Warja Lavater


The exhibition (Sing-Song-Signs & Folded Stories) focuses on the art works by Warja Lavater (1913-2007) and on her Folded Stories.

The artist devised a picture language in her folded books – Wilhelm Tell (William Tell, 1960), Rotkäppchen (Little Red Riding Hood, 1960) and Leidenschaft und Vernunft (Sense and Sensibility, 1961).

She went on to explore this technique further in various other media and artworks. She achieved international renown with Wilhelm Tell, published by the Museum of Modern Art in 1962 and with Imageries.

Artists from Central- and Eastern Europe


Although countries such as Czechia, Poland, Hungary and Russia are geographically close to us, they can still seem far away, even today.

This exhibition casts its gaze towards this part of Europe and exhibits large work groups of several generations of artists from Central and Eastern Europe.

It does not just draw a line from “West” to “East”, but also links several generations and perspectives.

 

Abstract Art 1950-1980


The Museum organises the exhibition “Abstractions plurielles” in cooperation with the Gandur Foundation for Art

The word “plurielles” means that there was no single abstract art, but rather various movements, initiatives and ideas.

The years following the Second World War saw a great artistic flowering. Paris took its place again and New York soon followed.

The exhibition offers an overview through the years 1950 to 1980 on both sides of the Atlantic Ocean.

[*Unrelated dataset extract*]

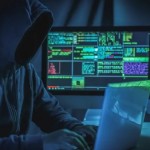 هجوم إلكتروني يهز عرش كوين بيس.. مخترقون يساومون على ملايين العملات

It emphasises the many forms that abstraction took in this period and shows the main trends: lyrical and gestural abstraction, abstract expressionism, geometric abstraction, minimalism, kinetic art (movement is central) and monumental mobile art.

The exhibition concludes with Supports/Surfaces, the movement that questions traditional pictorial means. It marks the end of a period of experimentation and the beginning of a new quest, which is still ongoing.